• **Listed records**

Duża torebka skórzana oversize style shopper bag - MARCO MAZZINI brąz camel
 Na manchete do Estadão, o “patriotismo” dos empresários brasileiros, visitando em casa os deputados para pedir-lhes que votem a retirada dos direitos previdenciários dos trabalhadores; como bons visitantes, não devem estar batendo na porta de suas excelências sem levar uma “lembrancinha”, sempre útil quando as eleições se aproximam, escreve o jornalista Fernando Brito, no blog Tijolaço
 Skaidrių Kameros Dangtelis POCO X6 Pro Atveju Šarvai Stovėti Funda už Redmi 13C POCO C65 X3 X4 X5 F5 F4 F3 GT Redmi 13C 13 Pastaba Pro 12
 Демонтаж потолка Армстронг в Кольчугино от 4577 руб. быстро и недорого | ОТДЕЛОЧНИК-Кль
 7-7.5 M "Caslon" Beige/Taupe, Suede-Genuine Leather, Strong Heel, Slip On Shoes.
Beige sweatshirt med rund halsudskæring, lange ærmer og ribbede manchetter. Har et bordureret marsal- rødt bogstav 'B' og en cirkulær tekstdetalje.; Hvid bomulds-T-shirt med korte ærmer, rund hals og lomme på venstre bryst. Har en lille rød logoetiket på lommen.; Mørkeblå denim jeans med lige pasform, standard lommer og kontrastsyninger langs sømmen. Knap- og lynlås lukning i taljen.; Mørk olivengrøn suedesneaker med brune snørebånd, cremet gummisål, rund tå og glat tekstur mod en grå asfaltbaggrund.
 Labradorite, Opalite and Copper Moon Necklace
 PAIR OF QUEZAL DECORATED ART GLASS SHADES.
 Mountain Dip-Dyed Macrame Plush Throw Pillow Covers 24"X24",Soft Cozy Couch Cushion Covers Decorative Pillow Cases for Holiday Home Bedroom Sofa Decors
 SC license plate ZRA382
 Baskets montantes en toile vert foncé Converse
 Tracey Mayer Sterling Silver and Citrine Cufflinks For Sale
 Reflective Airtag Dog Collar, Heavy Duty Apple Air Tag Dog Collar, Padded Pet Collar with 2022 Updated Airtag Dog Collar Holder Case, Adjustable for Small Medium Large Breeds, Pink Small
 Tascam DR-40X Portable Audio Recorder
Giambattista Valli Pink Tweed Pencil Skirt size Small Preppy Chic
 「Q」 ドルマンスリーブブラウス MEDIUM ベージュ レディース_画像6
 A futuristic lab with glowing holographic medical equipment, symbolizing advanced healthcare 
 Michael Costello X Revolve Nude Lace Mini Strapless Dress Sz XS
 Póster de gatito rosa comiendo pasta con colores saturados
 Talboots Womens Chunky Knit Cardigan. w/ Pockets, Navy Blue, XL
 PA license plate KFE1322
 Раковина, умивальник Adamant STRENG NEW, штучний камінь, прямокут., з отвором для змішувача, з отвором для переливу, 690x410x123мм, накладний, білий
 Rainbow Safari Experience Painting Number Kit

• **What you should do**
All lines above from the one holding "Tracey Mayer Sterling" to the one holding "MEDIUM ベージュ レディース_画像6", inclusive, are to be copied exactly; no other line is wanted.

• **Written answer**
 Tracey Mayer Sterling Silver and Citrine Cufflinks For Sale
 Reflective Airtag Dog Collar, Heavy Duty Apple Air Tag Dog Collar, Padded Pet Collar with 2022 Updated Airtag Dog Collar Holder Case, Adjustable for Small Medium Large Breeds, Pink Small
 Tascam DR-40X Portable Audio Recorder
Giambattista Valli Pink Tweed Pencil Skirt size Small Preppy Chic
 「Q」 ドルマンスリーブブラウス MEDIUM ベージュ レディース_画像6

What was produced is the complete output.